CREATE TABLE t_schedule ( id int(11) NOT NULL AUTO_INCREMENT, name varchar(50) NOT NULL, version int(11) NOT NULL, client_ref varchar(50) NOT NULL, freq int(11) NOT NULL, start_dt datetime NOT NULL, to_dt datetime DEFAULT NULL, exec_cnt int(11) DEFAULT NULL, created_by int(11) NOT NULL, created_on datetime NOT NULL, payment_type int(11) NOT NULL, lastmod_by int(11) DEFAULT NULL, lastmod_on datetime DEFAULT NULL, merchant_id varchar(6) NOT NULL, type_id smallint(6) NOT NULL DEFAULT ‘0’, KEY merchant_id_fk (merchant_id), KEY id (id), KEY fk_schedule_isof_type (type_id), CONSTRAINT merchant_id_fk FOREIGN KEY (merchant_id) REFERENCES t_merchants (Merchant_ID), CONSTRAINT t_schedule_ibfk_1 FOREIGN KEY (type_id) REFERENCES t_schedule_type (id) ) ENGINE=InnoDB AUTO_INCREMENT=71507 DEFAULT CHARSET=latin1 CREATE TABLE t_schedule_payment ( id int(11) NOT NULL AUTO_INCREMENT, version int(11) NOT NULL, processed bit(1) NOT NULL, cc_holder varchar(50) DEFAULT NULL, cc_exp_yy varchar(2) DEFAULT NULL, cc_exp_mm varchar(2) DEFAULT NULL, created_by int(11) NOT NULL, created_on datetime NOT NULL, cc_no varchar(60) DEFAULT NULL, transfer_dt datetime NOT NULL, lastmod_by int(11) DEFAULT NULL, lastmod_on datetime DEFAULT NULL, amt int(11) DEFAULT NULL, canceled bit(1) NOT NULL, pan varchar(12) DEFAULT NULL, sched_id int(11) NOT NULL, currency char(3) NOT NULL DEFAULT ‘AUD’, card_seq_no char(3) DEFAULT NULL, crn varchar(20) DEFAULT NULL, dd_bsb varchar(20) DEFAULT NULL, dd_acc_no varchar(50) DEFAULT NULL, dd_acc_name varchar(255) DEFAULT NULL, batch_id int(11) DEFAULT NULL, batch_trxid int(11) DEFAULT NULL, KEY id (id), KEY sched_id_fk (sched_id), CONSTRAINT t_schedule_payment_ibfk_1 FOREIGN KEY (sched_id) REFERENCES t_schedule (id) ON DELETE CASCADE) ENGINE=InnoDB AUTO_INCREMENT=3964335 DEFAULT CHARSET=latin1

To rule out data corruption / referential integrity issues, we’ve run the following query on all the available nodes and gotten the same results:

mysql> select distinct sched_id from t_schedule_payment where sched_id not in (select id from t_schedule);Empty set (2.47 sec)

I’ve seen a few mentions of FK strangeness in this forum recently but it appeared that various patches had solved this issue.

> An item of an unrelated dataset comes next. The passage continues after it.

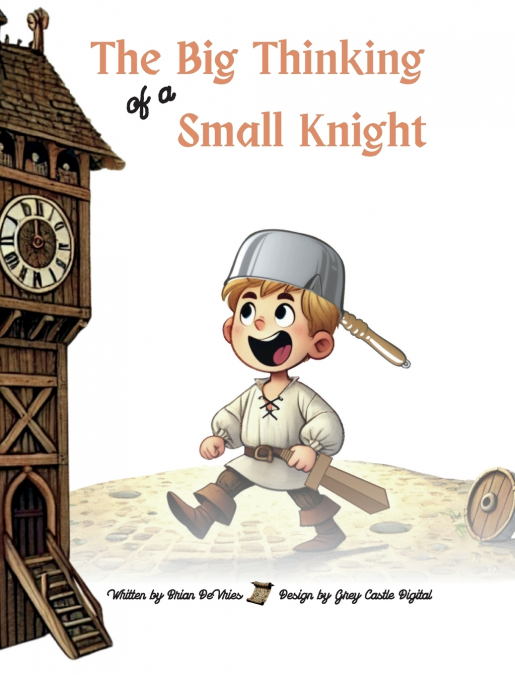 The Big Thinking of a Small Knight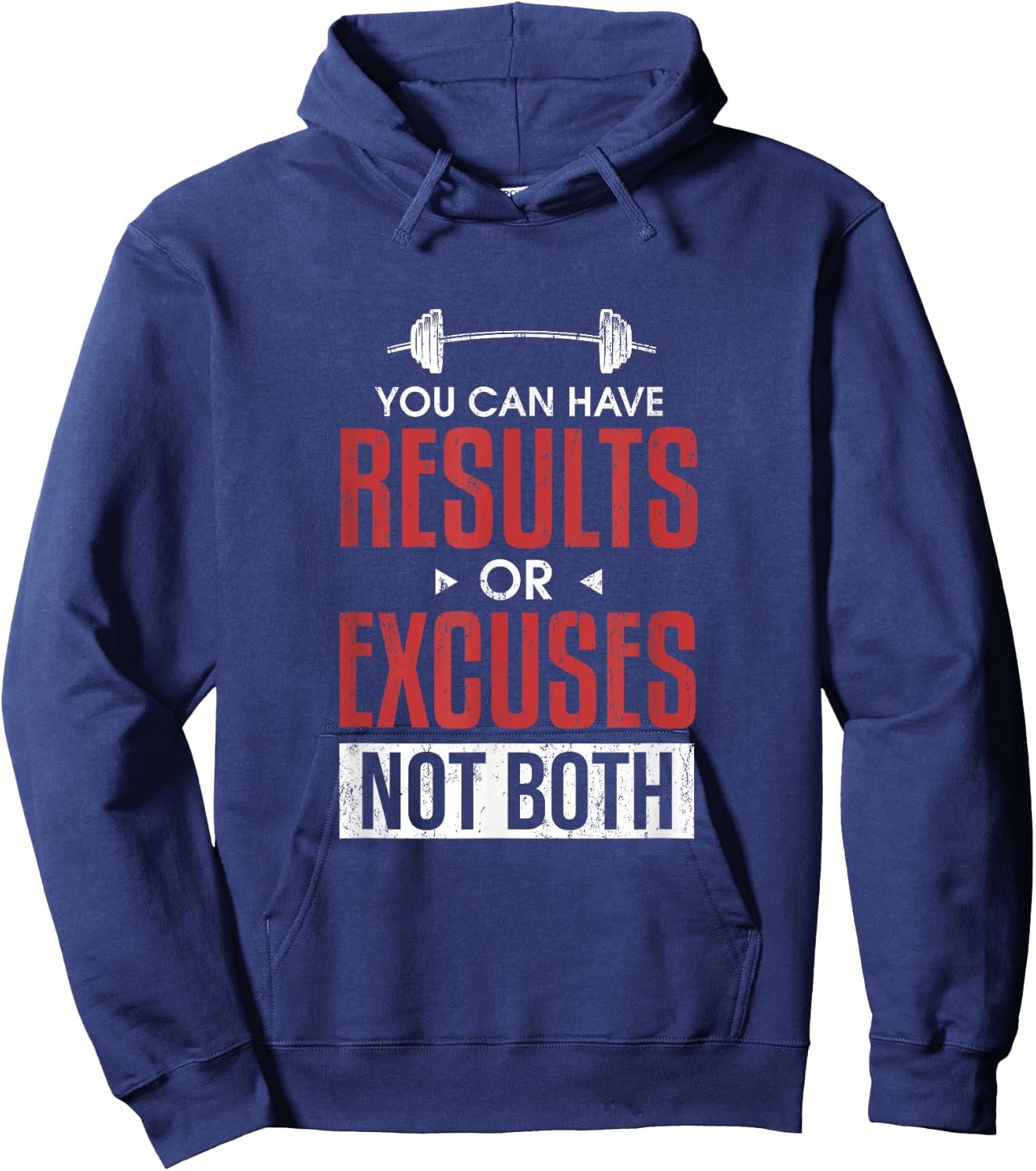 You can have results or excuses not both Hoodie - Hoodie | Navy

Is there something obvious (or not obvious, or undocumented etc) that we’re missing here?

If there’s any further information we can provide, we definitely will.

I have the same issues but with primary keys and duplicate keys that in theory should not even happen.

anyone figure this out?

Foreign keys are pretty tricky it seems in this kind of clustering solution, plus parallel applying makes it even more complicated. However many FK-related bugs were fixed till now.
This thread is pretty old, but Shockwavecs - do you experience anything similar?